Jarenlang haatte ik mijn lichaam.

Erop terugkijkend beschouwde ik het als een soort ‘hel van vlees’, die er nooit wilde uitzien en voelen zoals ik dacht dat het moest.

Terwijl mijn lijf enorme hoeveelheden alcohol en sigaretten verstouwde en zo goed en zo kwaad als het ging verwerkte, bleef ik verdrietig kritisch.

En natuurlijk deed ik er van alles aan, want discipline is mijn ding.

Diëten, maandenlang elke dag sporten, niet eten, ‘gezond’ eten.

En natuurlijk had dat effect.

Ik kreeg meer spieren en het vet op mijn buik en rond mijn middel verdween.

Cosmetisch gezien werd het ‘beter’ en dat bezorgde me af en toe een gevoel van trots, van overwinning, van hard verworven resultaat.

Maar die fixatie op een heel specifiek lijf, en de dingen die ik mezelf ontzag, keerden zich uiteindelijk altijd tegen me.

Er ontstond metaalmoeheid, weerstand, een diepe vermoeidheid rondom al dat strenge gedoe, een onmiskenbare tegenzin.

Het resultaat was dat ik er helemaal klaar mee was en verviel in oud gedrag.

‘Je moet gewoon van je lichaam houden zoals het is’ leek een prachtig logische opvatting, maar het was totaal onhaalbaar.

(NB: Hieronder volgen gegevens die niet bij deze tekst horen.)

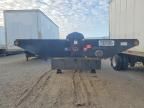 2024 Behnke Trailer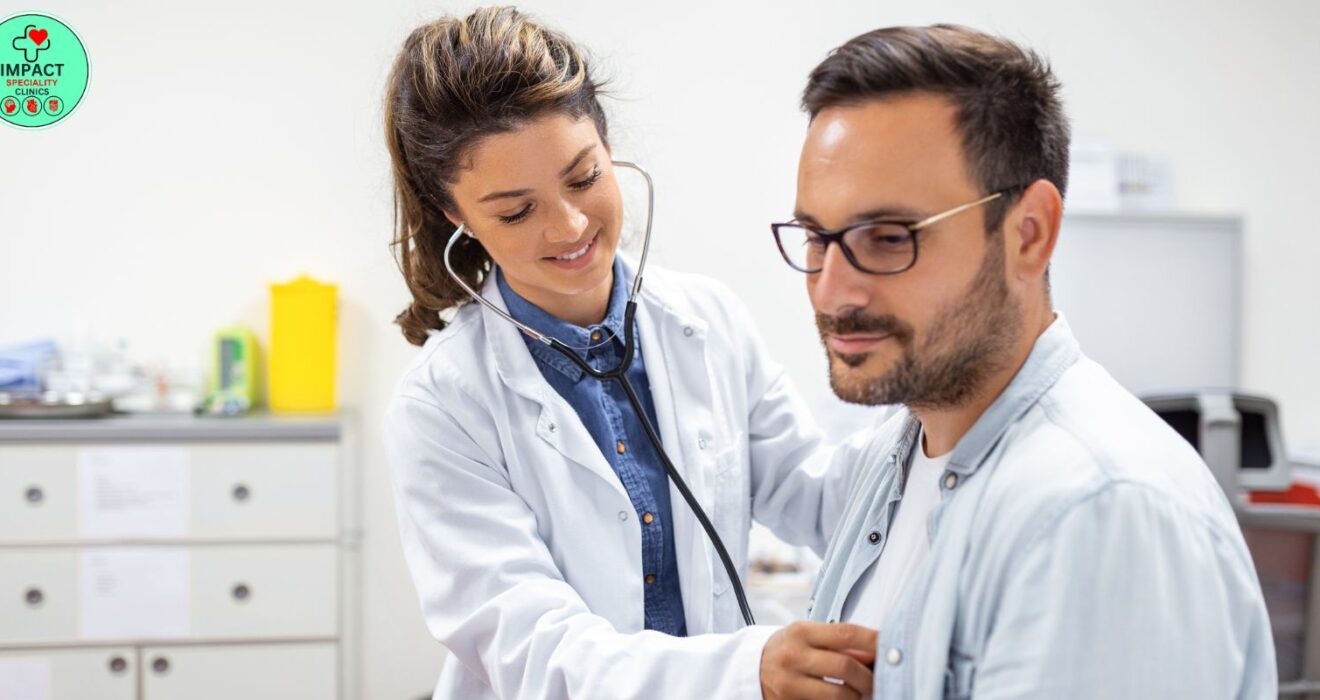 cardiologist hyderabad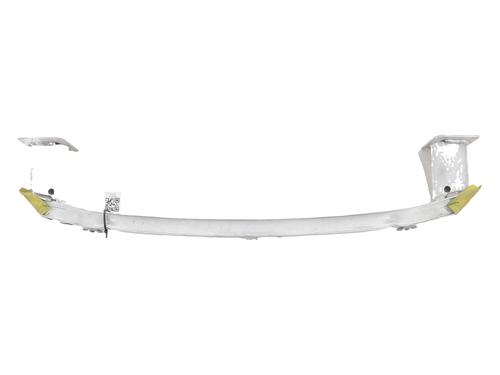 Used Front bumper reinforcement Front bumper reinforcement 39223846 39223846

Hoe vaak ik ook op de bank zat (of gewichten tilde) en tegen mezelf zei dat mijn lichaam goed was en ongelooflijk sterk, dat het uniek was en mij altijd ondersteunde, ik geloofde het gewoon niet.

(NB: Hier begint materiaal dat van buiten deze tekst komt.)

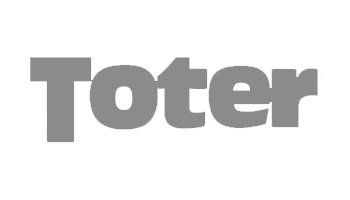 Wayne Fueling Systems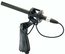 Rycote 033702 Medium Hole Mount W/HandGrip Image 1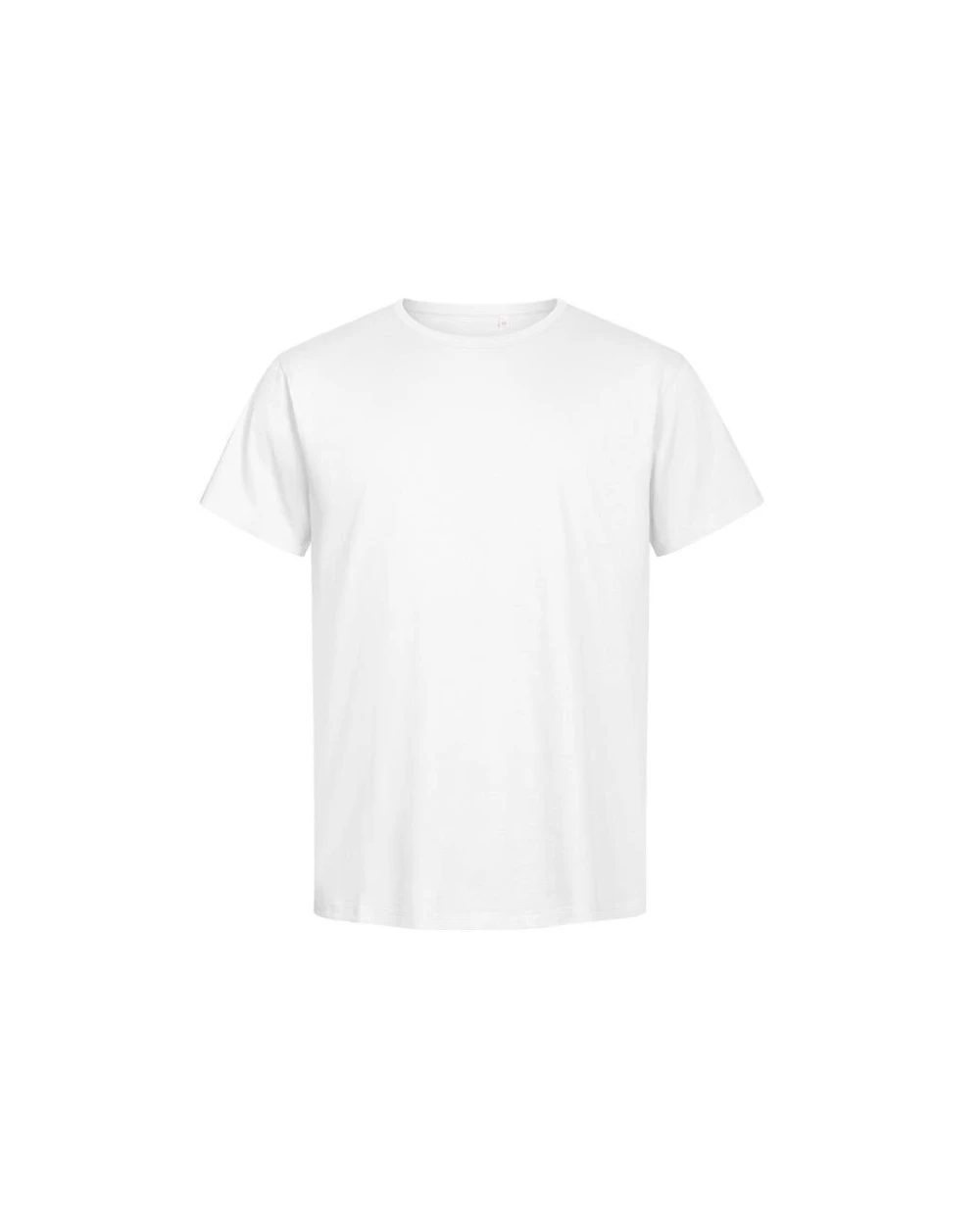 T-Shirts personnalisable PROMODORO MEN'S PREMIUM-T ORGANIC
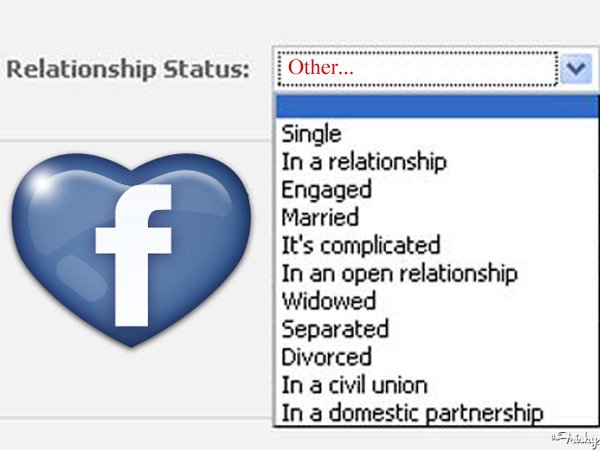 ಸಂಬಂಧ ಬಹಿರಂಗಪಡಿಸುವುದು!!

Op de een of andere manier is die strijd weggevallen.

Ik volg geen dieet meer, ik sport wanneer ik er zin in heb, het is allemaal heel vanzelfsprekend en zacht geworden.

Niet iets wat ik bereikt heb door mijn lichaam te haten, en zelfs niets wat ik bereikt heb door hardnekkig van mijn lichaam te houden.

Het is geen prestatie, juist niet.

Het moeten presteren is naar de achtergrond verdwenen.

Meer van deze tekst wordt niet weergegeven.